Historical Foundations of Islam:
What bought the Islamic religion to the Senegambia
basin including The Gambia were the
Berber Arab traders who had regularly crossed the Sahara desert
since 1000 BC. After the death of the Prophet Mohammed in 632
AD Islam had reached North Africa. In the 11th century Futa
Toro, in Senegal, was converted to Islam. In the same century
the puritanical Almoravid movement made an appearance among the
Berber tribes of Southern Mauritania and made a strong religious
impact there. It was these converted people who laid the introduced
and laid the foundations of the religion
in The Gambia and Senegal.
Before the arrival of Islam traditional religion was part and
parcel of everyday life for the people of The Gambia and was well
entrenched in people's existing belief system. This took on the
form of animism, ancestor
worship and a pantheon of gods representing elements of their
environment such as a god of the earth, a god of the animal kingdom
and so on. And yet the majority of Gambians embraced Islam until
today 90% of the population are Muslims
and only 1% admit to adhering to animists beliefs.
Reasons For Acceptance:
The early spread of the religion was
due to several factors which were social, economic and political.
The fact that early conversion took place at the terminus of the
routes of the Trans-Saharan Trade is significant. In these trading
cities lived different peoples, removed from their own closed
village societies where the success of the harvest was held to
depend on fertility rites and sacrifices made to the local gods.
In their non-traditional setting, these city dwellers were de-tribalised
in a religious sense and thus more open to the influence of a
new religion which seemed adapted to their urban way of life.
Perhaps in their own mindset, Islam might have appeared very much
like the religion of wealthy traders and Allah being their God.
The acceptance of Islam was also facilitated by the nature of
traditional religions of the people. New cults were founded for
newly identified gods. Although they were people who believed
in many gods, all of them acknowledged the existence of a supreme
God. This must have made the Islamic introduction of the worship
of one God unobjectionable. As long as the new religion did not
attempt to destroy indigenous cults, there was strong objection
to it. Indeed studies of modern Islamisation of West African peoples
have shown that Muslim clerics did not try to discredit existing
customs and traditional religious institutions but infiltrated
them and changed their nature.
There were also a number of other factors that contributed to
the acceptance of Islam by the peoples of The Gambia area. These
factors are of a non-religious nature. As was said before because
Islam was associated with wealthy traders who brought goods essential
to the local economies and contributed in the increase of military
power. Early Trans-Saharan traders told impressive stories of
their civilisations in their own home countries which undoubtedly
gave practical expression to the Islamic God. The mode of dress
of these early Muslims, their
new architecture with impressive mosques and their possession
of luxury goods added to the prestige of the religion. Their literacy
in Arabic greatly enhanced this prestige because the non-literate
peoples assigned important supernatural qualities to the written
The spread of Islam in Gambia was also facilitated because of
its appeal to traditional rulers. Once a ruler accepted the religion,
his influence and authority were usually sufficient to impose
it upon at least the ruling classes of his state. This bought
them the political support of the urban
Muslim communities who were influential for their role in
commerce and for their literacy.
This allowed the rulers to form a bond between himself and
all his Muslim subjects and this was further re-enforced by the
Islamic teaching which imposed obedience to a just Muslim ruler.

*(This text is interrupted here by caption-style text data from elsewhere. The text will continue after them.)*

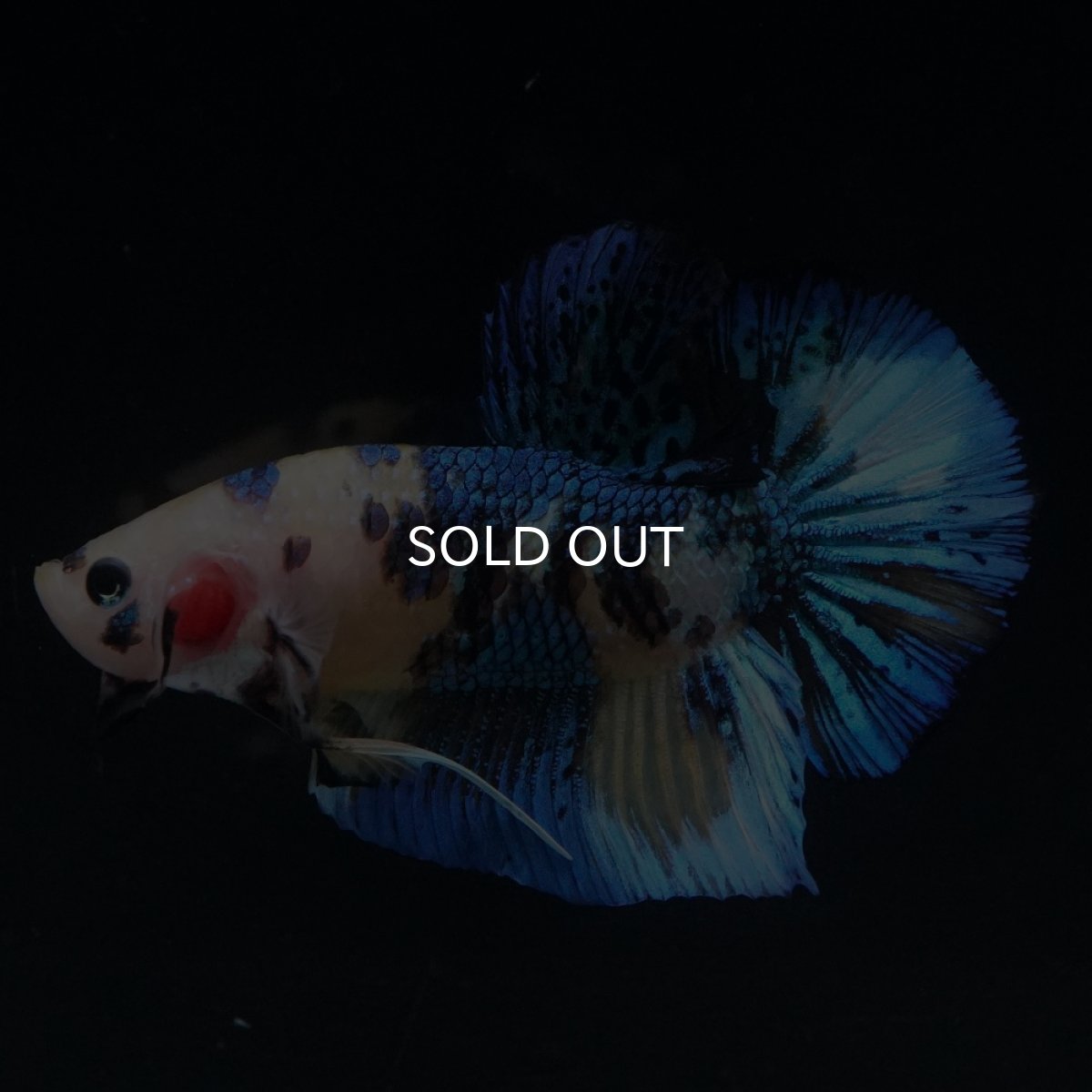 画像10: HMPK　イエロータイガー (10)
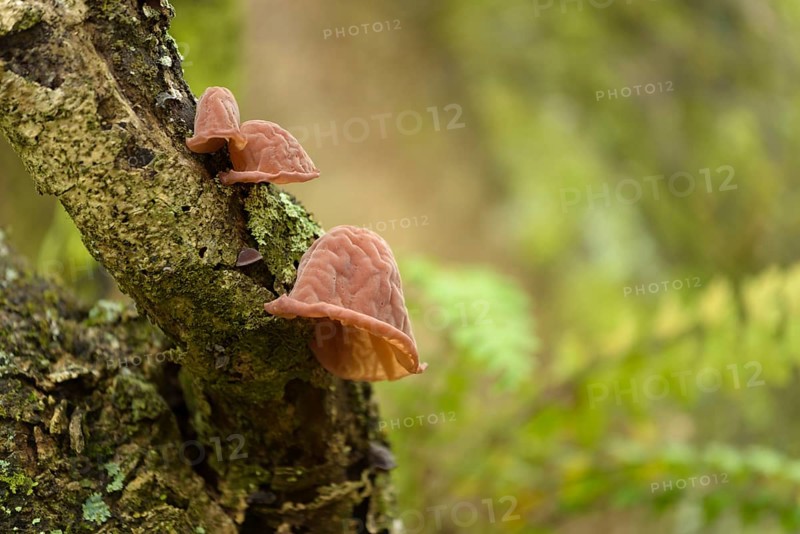 Pilze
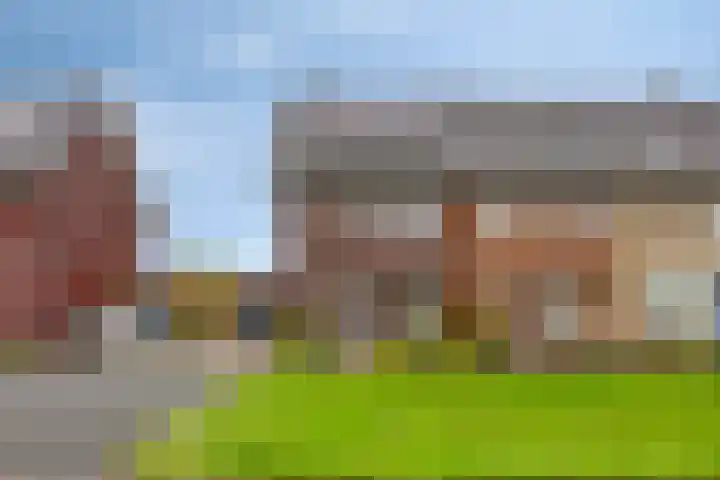 Delderveenweg 9 Zwartebroek thumbnail 4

For this reason rulers were quick to see the advantage of adopting
this widespread religion rather than just a local one.
The effect of this new religion on the Gambian people was that
it exposed them to theology, law, politics, geography
and the natural sciences. The effect was to introduce academic
Adaptation & Incorporation:
Early travellers had commented favourably on the piety, scholarship
and features of government in the
important trading cities. On the other hand these they also noted
the continuance of traditional customs and ceremonies which were
unacceptable to Islam. It appears that Islam in The Gambia valley
before 1800 was little more than an imperial belief of great prestige
which existed side by side with cults to other gods. Few rulers
could escape the need to draw their power and legitimacy from
traditional religions. Many people must have both worshipped in
the mosque and sacrificed to local deities.
It was mainly for this reason that in the latter part of the 19th
century Gambian Jihadists like Maba Diakhou and Foday Kabba Dumbuya
castigated nominally Muslim rulers for their lax religious practices
in their states and thus waged the Soninke-Marabout
Wars that raged in The Gambia throughout the 19th century
placing Islam on a new foundation.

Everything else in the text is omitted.